Asgaard – German Security Group
- Industry: Security company
- Founded: 2007
- Headquarters: Telgte, Germany
- Key people: Dirk Gaßmann (CEO)
- Services: Security
- Revenue: 60.000 Euro
- Number of employees: 5 (Not including field agents)
- Website: www.asgaardgsg.de

= Asgaard – German Security Group =

German private military company

Asgaard – German Security Group (founded in 2007) is a German private military company.
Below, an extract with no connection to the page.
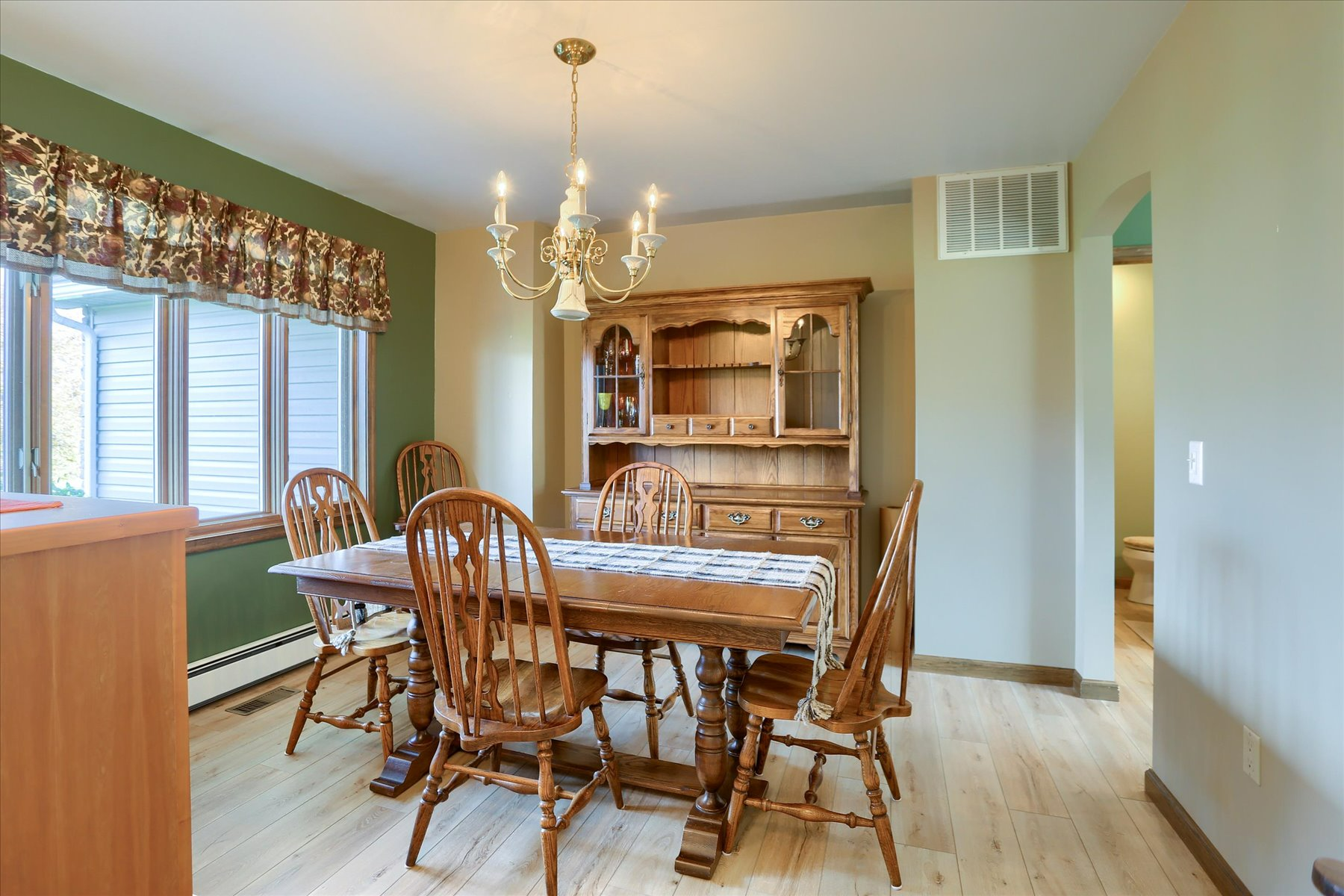 Richfield, Pennsylvania, 17086, United States, 3 Bedrooms Bedrooms, ,3 BathroomsBathrooms,Residential,For Sale,1993860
In May 2010, Asgaard secured a contract with Somali politician Ahmad Galadid Abdinur Darman, which in turn sparked controversy in Germany. According to spokespersons for the German Institute for International and Security Affairs and the Düsseldorf Institute for Foreign and Security Policy, Darman was a politically unimportant player in Somalia, whose political clout might change considerably if he acquired armed security. That over a hundred former German soldiers would begin to play a part in Somali politics led to discussion in the German Bundestag. Politicians spoke of a "fall from grace," but there appeared to be little that could be done, since the German government had for years neglected to draw up rules for private military companies.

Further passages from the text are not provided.